Perché l’incontro avvenga, non di meno occorre delicatezza: l’Angelo dell’Annunciazione soffia la sua proposta nel cuore di Maria che la accoglie dicendo sì. L’incontro avviene attraverso uno scambio di parole che è al contempo una condivisione dello spazio sacro personale. L’incontro avviene nell’intimità. Ma l’intimità non richiede necessariamente un contatto fisico o ancor più genitale: ci può essere intimità profonda tra due persone senza alcun atto di natura sessuale, così come può esserci atto sessuale senza alcuna intimità. L’intimità si crea quando io permetto all’altro di entrare dentro al mio spazio sacro, quando lo ospito nella mia interiorità, quando sono disposto a mostrargli la mia anima, al di là di ogni maschera o velo. Quando mi offro non fisicamente ma spiritualmente nudo. Un atto che richiede coraggio perché rende vulnerabili. È il gesto ardito di Maria che si apre all’annuncio dell’Angelo, si fida di lui e si affida a lui. Si fa coppa recettiva per il suo messaggio fecondatore.
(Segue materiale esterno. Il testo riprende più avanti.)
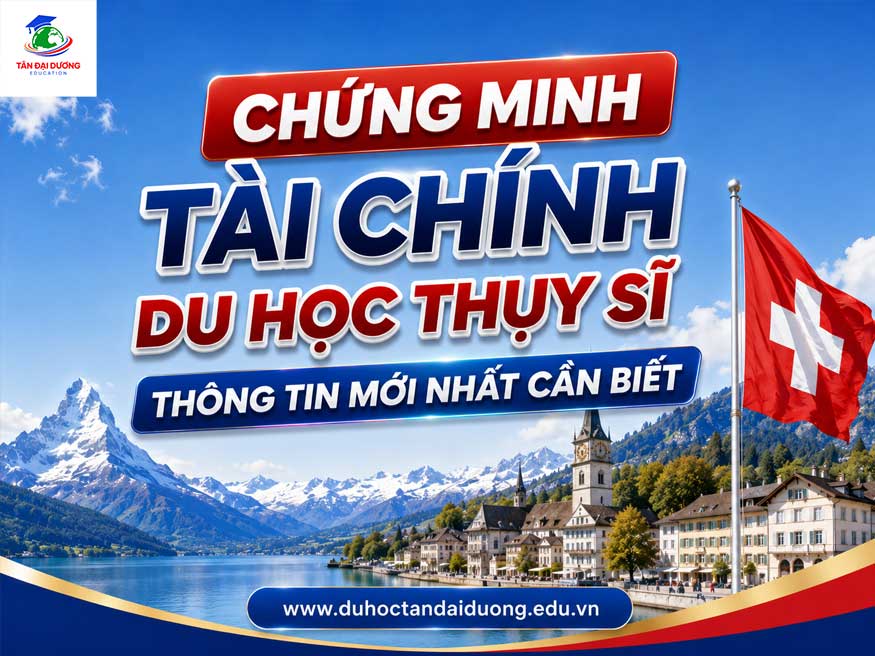 Chứng minh tài chính du học Thụy Sĩ: Thông tin mới nhất cần biết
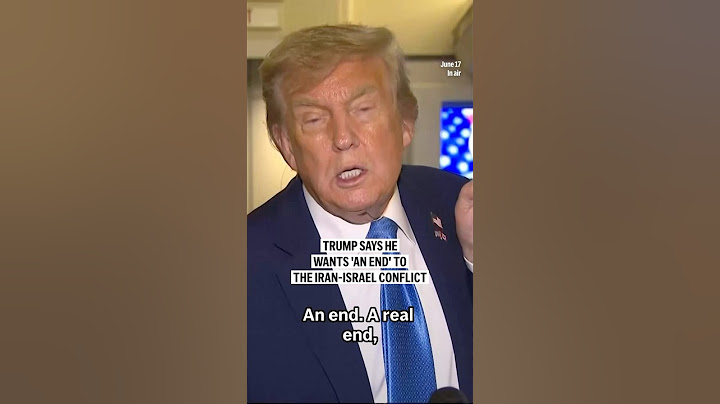 Trump says he wants ‘an end’ to the Iran-Israel conflict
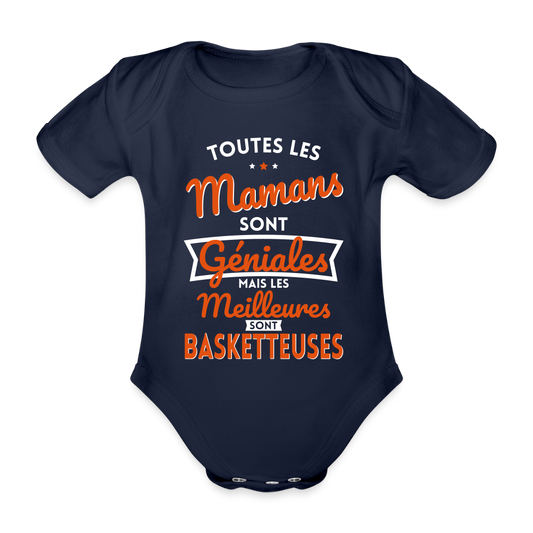 Body Bébé bio manches courtes - Mamans géniales - Les meilleures sont basketteuses - marine foncé
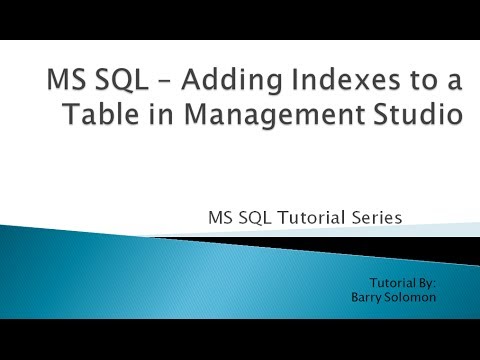 3. MS SQL - Adding Indexes to a Table in Management Studio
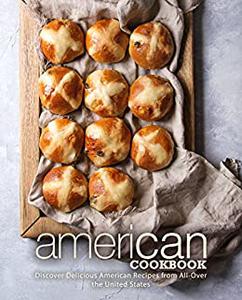 American Cookbook Discover Delicious American Recipes from All-Over the United States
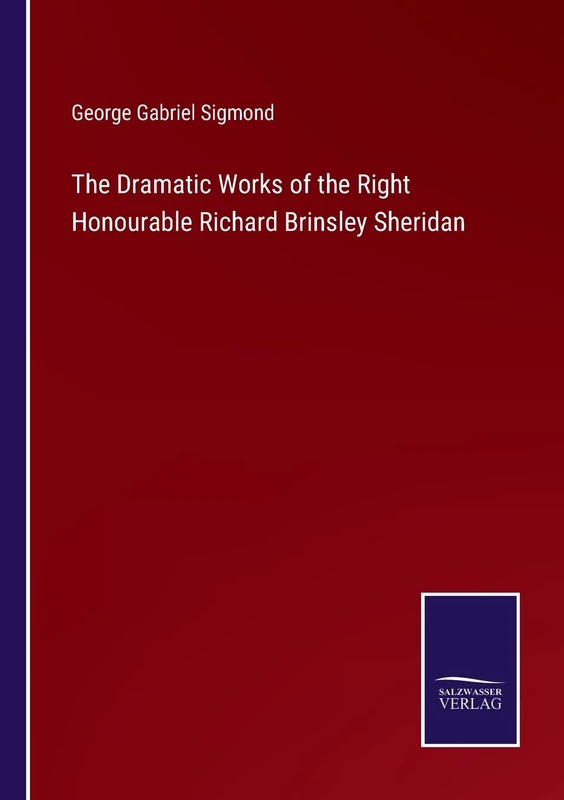 The Dramatic Works of the Right Honourable Richard Brinsley Sheridan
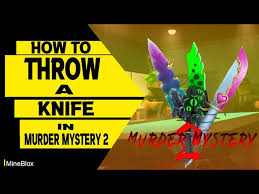 How To Throw A Knife In Mm2 - Youtube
Ma l’Angelo arriva a lei con la delicatezza di un soffio di vento, non con l’impetuosità di un rombo di tuono…
L’amante arriva scalzo, in punta di piedi e bussa timidamente alla porta.
“Posso?” è la condizione preliminare, la chiave magica che apre i cancelli dell’anima.
La parola si fa tocco e il tocco-carezza si fa parola.
L’uomo eiacula nel corpo della donna una parola-seme di luce, la donna la riceve, la accoglie nel suo grembo e la trasforma in carne e il bambino viene ad abitare in mezzo a noi.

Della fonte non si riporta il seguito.